For those of you that watch the industry, you have seen a flurry of announcements lately about the new approaches the labels are taking, the partners that used to be defendants, and how everything is the next "iTunes-Killer". While hyperbole is aplenty, clarity is hard to come by when it comes to making bets on what happens next.
- Last.fm offering free streaming of millions(?) of tracks has also just announced that they will also offer streaming simulcasts of CBS Radio stations (sister division)
- imeem cutting deals with all the majors with other "gray" services being coerced into similar deals
- MySpace Music's announcement today about offering free streams (from 3 of the 4 majors) and selling both DRM'd and DRM free tracks
- Nokia's "Comes with Music" offering (aka "the hardware tax")
- Apple's rumored discussions around their own subscription plans ("hardware tax")
- Omniphone's music subscription as bundled with wireless plan service in Europe ("wireless tax")
- Universal Music Group's "Total Music" plan(s) that are still unclear ("hardware tax"?)
- Warner Music Group's announcement last week that they hired Jim Griffin to drive and promote a service offering that would be bundled with your ISP bill (aka "the ISP tax")
- MP3 Search Engines (aka "information retrieval tools") and online storage lockers, like Seeqod and MP3tunes, being sued by major record labels
- New playlisting and music services popping up daily (see Muxtape and Mixwit)
- Other services getting acquired (Foxytunes, Qloud) while others close up shop (Ezmo)
- XM & Sirius merging
- EMI hires ex-Google CIO to head up their digital division
- Yahoo and MTV shedding their subscription music services (to Rhapsody)

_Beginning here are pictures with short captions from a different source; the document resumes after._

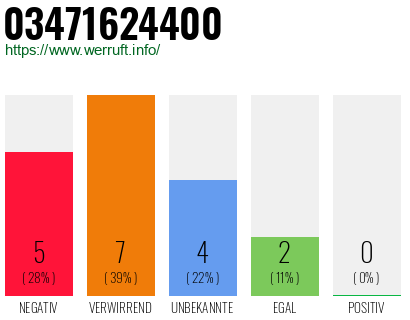 Rufnummer 03471624400 Telefonnummer 03471624400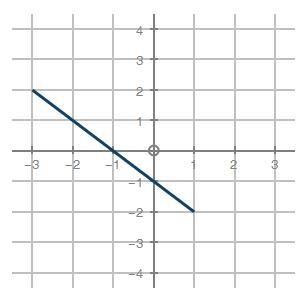 The graph of an equation is shown below: Based on the graph, which of the following-example-1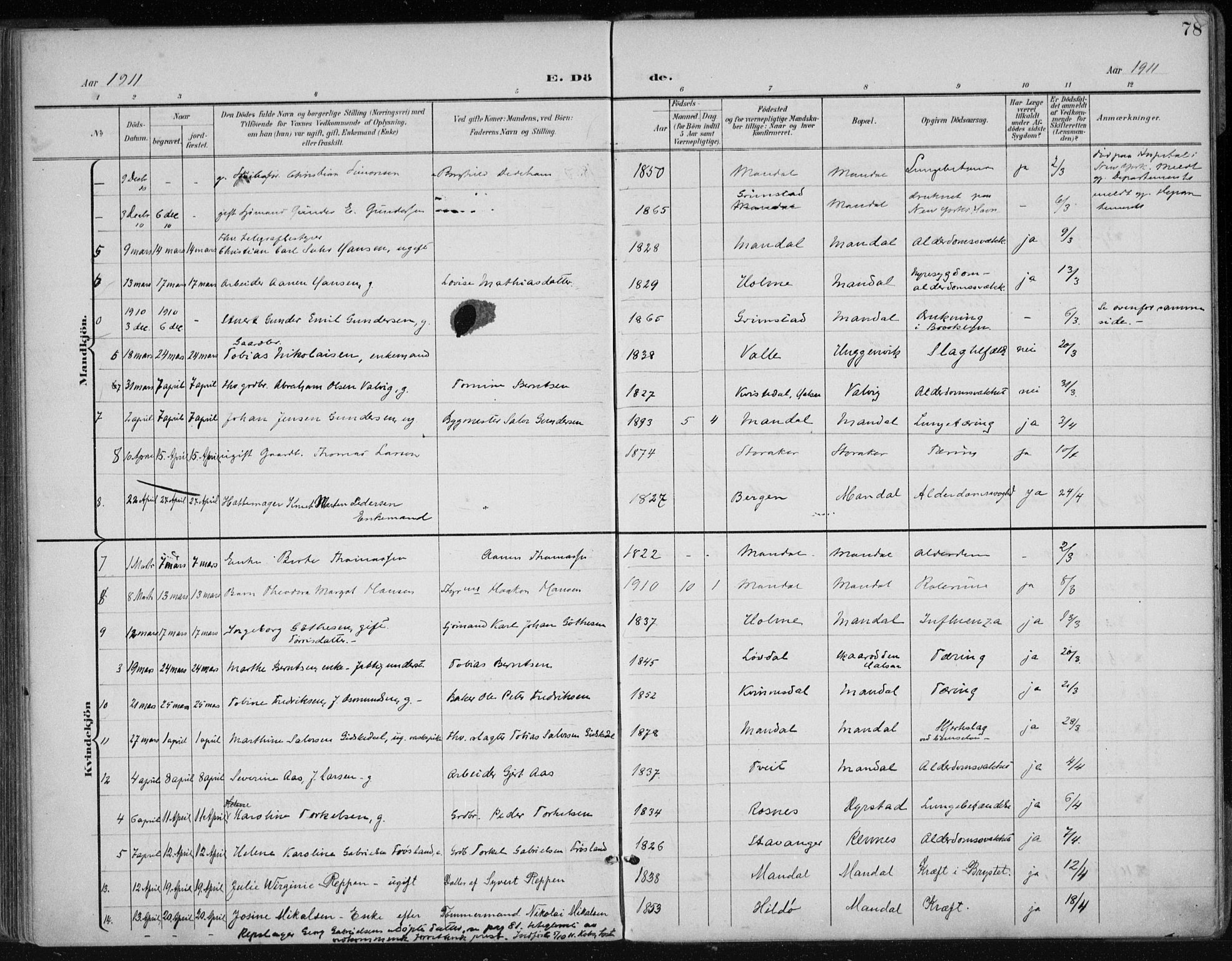 Mandal sokneprestkontor, AV/SAK-1111-0030/F/Fa/Faa/L0021: Parish register (official) no. A 21, 1898-1913, p. 78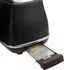 De'Longhi Icona Vintage CTOV2103.BK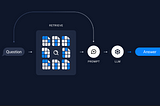 RAG Diagram from LangChain
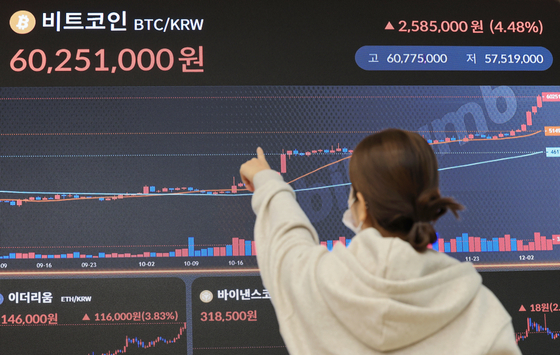 A display at the Bithumb building in Seocho District, southern Seoul, shows the Bitcoin is trading at over 60 million won ($45,600) on Wednesday. The Bitcoin price has been sharply rising recently, surpassing 52.6 million won on Dec. 3 and 5.5 million won on Dec. 4. [YONHAP]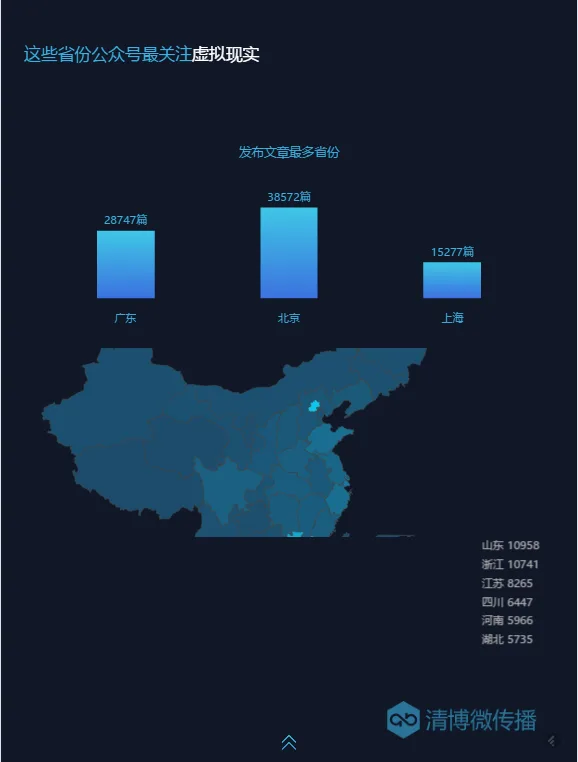 VR 3亿关注！清博发布2016微信数据报告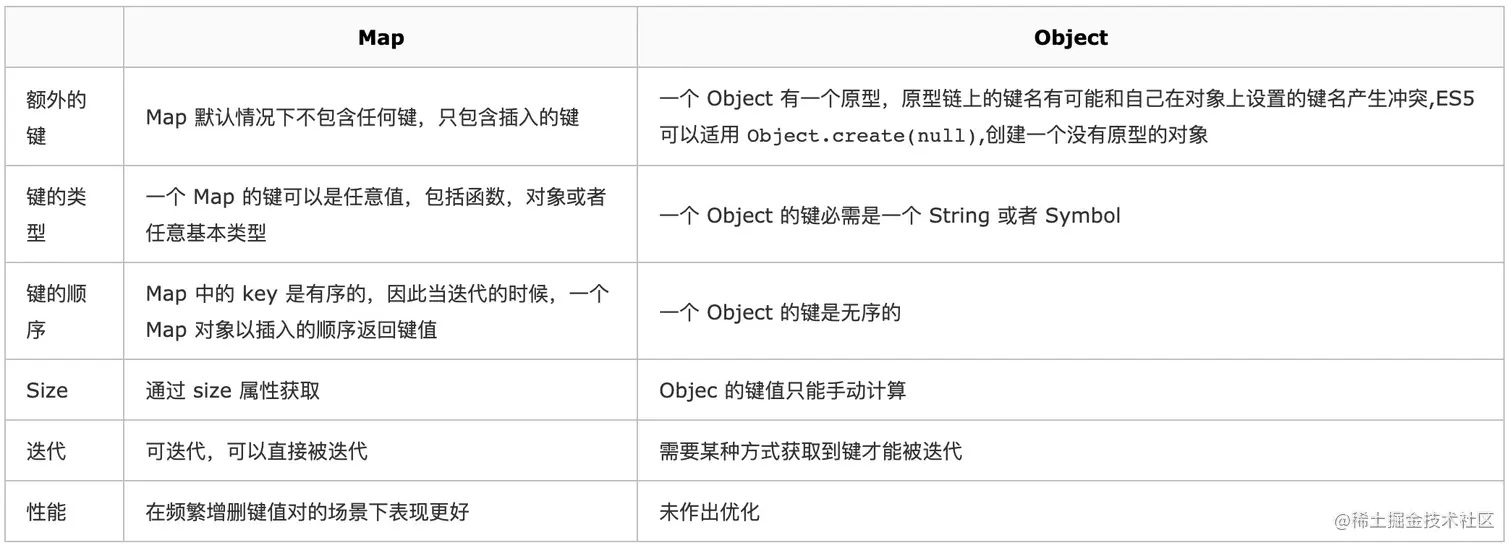 image-20210930183632548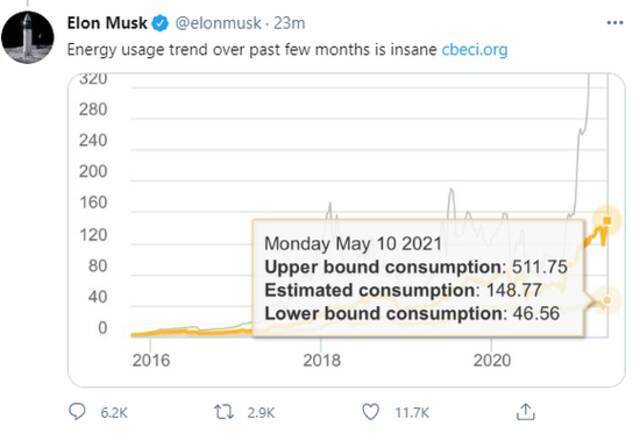 马斯克谈比特币：过去几个月能源使用趋势异常疯狂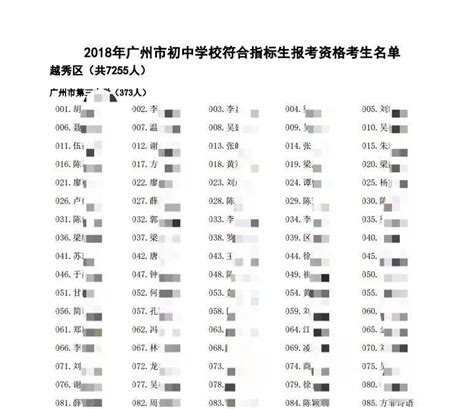 2018广州市指标生名单出炉
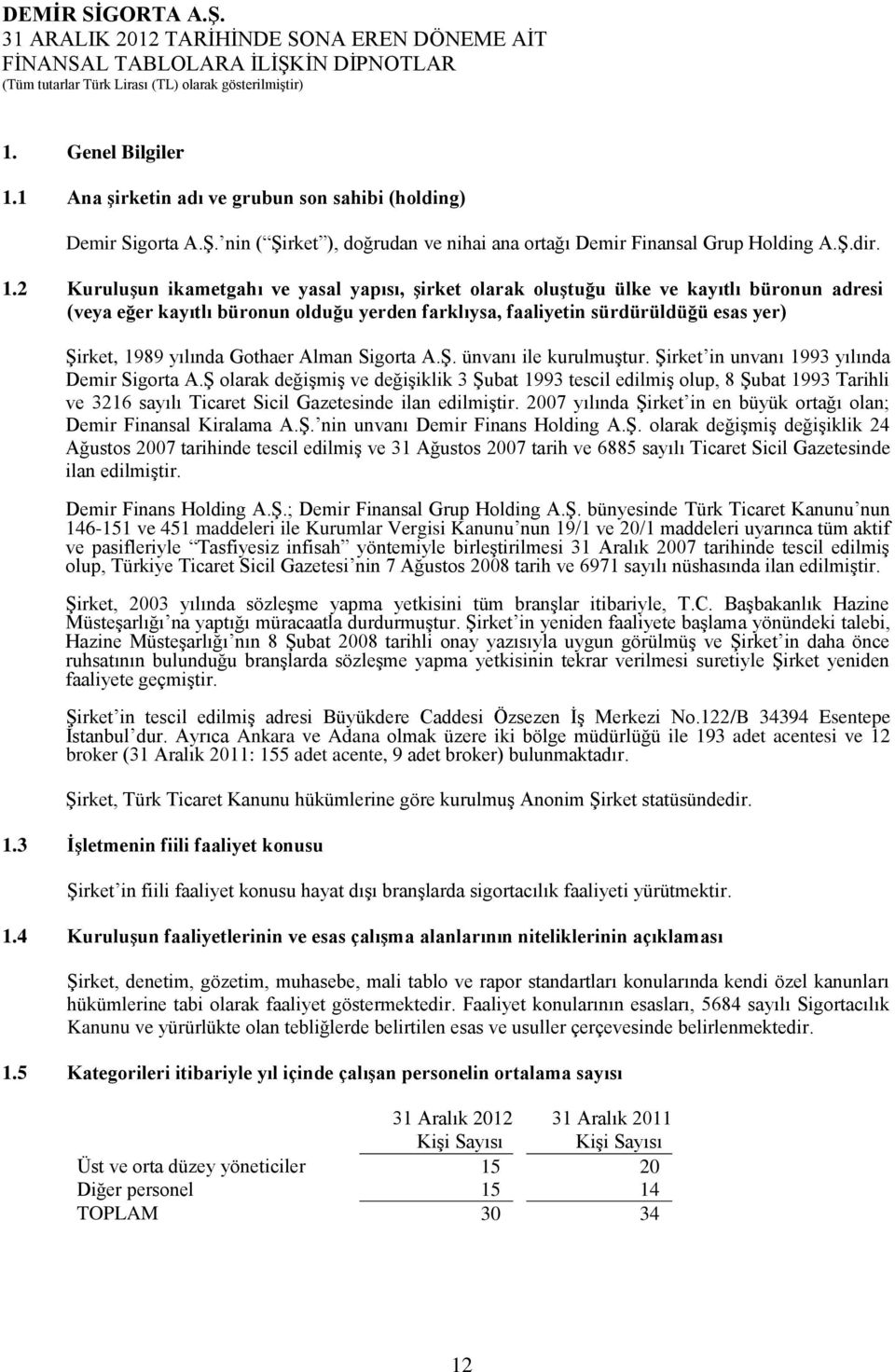 2 Kuruluşun ikametgahı ve yasal yapısı, şirket olarak oluştuğu ülke ve kayıtlı büronun adresi (veya eğer kayıtlı büronun olduğu yerden farklıysa, faaliyetin sürdürüldüğü esas yer) Şirket, 1989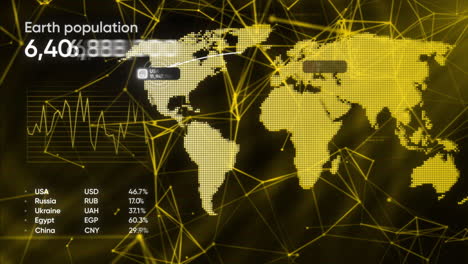 global population and economic data visualization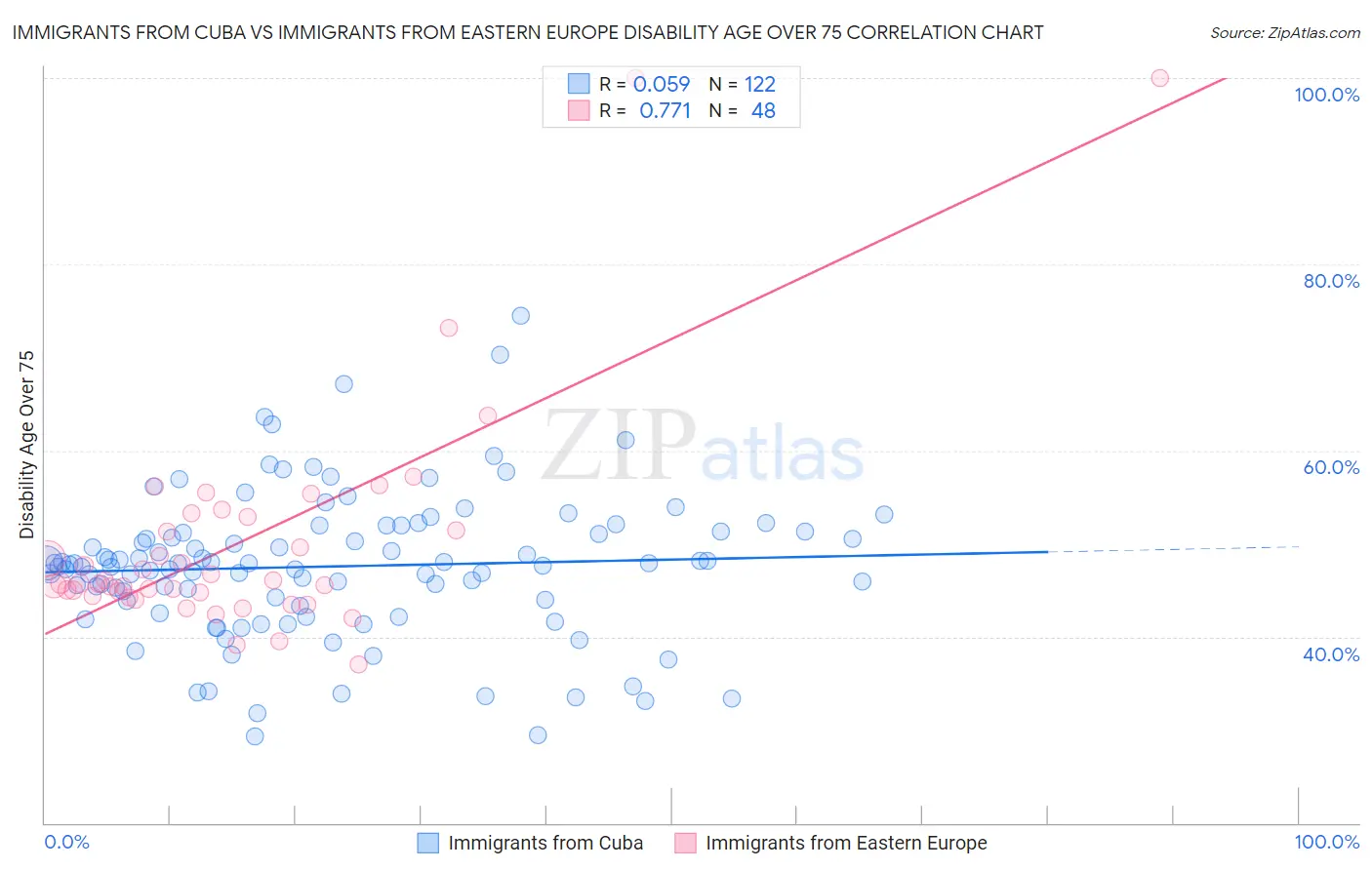 Immigrants from Cuba vs Immigrants from Eastern Europe Disability Age Over 75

- Yahoo Music VP, Ian Rogers, decided to move on to a new job focused on the *creation* side of the industry... presumably because the consumption side is such a mess?
- AOL farming out their radio programming (and presumably royalty liabilities) to CBS Radio
- Amazon is now the second biggest digital music retailer, but iTunes is now the biggest music retailer (digital or physical) surpassing Wal-Mart
I like the notion of making music "feel free" even if it's not. The problem is are you going to pay Nokia, Apple, Verizon and Comcast all an incremental fee for the same rights (all the music you can enjoy)? Some would say the labels have finally gotten smart by recently making some online bets after years of just trying to wish the internet away. Others would say that they are extorting the digital music companies, forcing them to make huge upfront deals and trade away big chunks of their companies in the name of self-preservation. Taken a step further, many claim the labels are moving towards extorting the consumers directly (after years of suing them) by trying to inflict an "optional" ISP music fee that basically buys you (and the ISP) immunity from being sued.
The only thing clear to me is that there is a nuclear bomb coming, and I'm not betting on any of them until the smoke clears. Any one of the (r)evolutionary models will send ripples throughout the music/tech community.... anointing new kings while massacring hundreds of others in the process.
That is, of course, if Steve Jobs decides to let any of it happen or not.
One trend I think you missed is the emergence of music blogs as a force to be reckoned with, along with aggregators like hype machine.
These would perhaps fall under "gray" services, but so far the labels have left them alone (for the most part) and in fact I think they are seeing the value in them as a voice that "romances the music."
Music bloggers are the new DJs.
I agree that there are some great things going on with music blogs and aggregators. My problem with the "new DJs" is really the same problem I have with the "old DJs". There are very few that will expend the (often thankless) effort required to program content for others. Particularly when there is very little monetary upside, and potential massive legal liabilities on the downside.
Most people don't expend the effort even to make playlists for themselves, let alone blog about each of the tracks in them. This leads to a very small number of people creating one-to-many programming. I think there are some better opportunities to turn *everyone* into a passive programmer - no additional effort required for the programmer - lots of additional channels for people to listen to.
Granted, I don't think these approaches are mutually exclusive. There are lots of great ways to program and consume music. I just think the *really* interesting ones won't emerge until after the bomb goes off and the music civilization re-evolves from the cockroaches left when the dust settles.